Islam im Klassenzimmer
Viele der insgesamt zwölf Millionen Schüler in Deutschland haben einen Migrationhintergrund. Statistisch gesehen gehört jeder 17. Schüler dem islamischen Glauben an. Nach der römisch-katholischen und der evangelischen Konfession stellt der Islam die drittgrößte Religionsgemeinschaft in Deutschland dar.
Doch wenn es um das Thema Religion und Islam geht, vor allem um den Islam im Zusammenhang mit Bildung und Schule, sind Pauschalisierungen und Stereotype schnell bei der Hand. Dies hat nicht zuletzt die Kopftuchdebatte deutlich gemacht.

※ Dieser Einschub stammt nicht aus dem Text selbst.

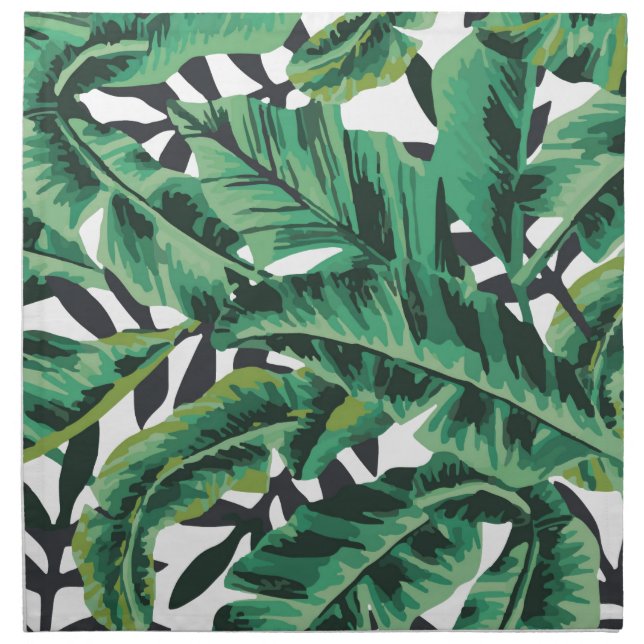 Tropical Glam Banana Leaf Pattern Cloth Napkin (Front)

Zu wenig praxisnahe pädagogische Konzepte
Praxisorientierte Fachliteratur, die nicht nur einen Überblick, sondern auch brauchbare Konzepte für den Umgang mit Muslimen im Schulalltag bietet, ist Mangelware. Ein Buch der Körber-Stiftung mit dem Titel "Islam im Klassenzimmer - Impulse für die Bildungsarbeit" will diese Lücke schließen. Die Herausgeberin, Sanem Kleff, ist selbst Pädagogin und bringt einen breiten Erfahrungshintergrund aus der Praxis mit: Die türkischstämmige Lehrerin arbeitete bis 1998 an Berliner Schulen. Heute ist sie bei der Gewerkschaft für Erziehung und Wissenschaft (GEW) zuständig für Multikulturelle Angelegenheiten und leitet in diesem Rahmen das Projekt "Schule ohne Rassismus". Entstanden ist das Buch aus der Initiative "Voneinander Lernen - Praxisforum Schule und Islam".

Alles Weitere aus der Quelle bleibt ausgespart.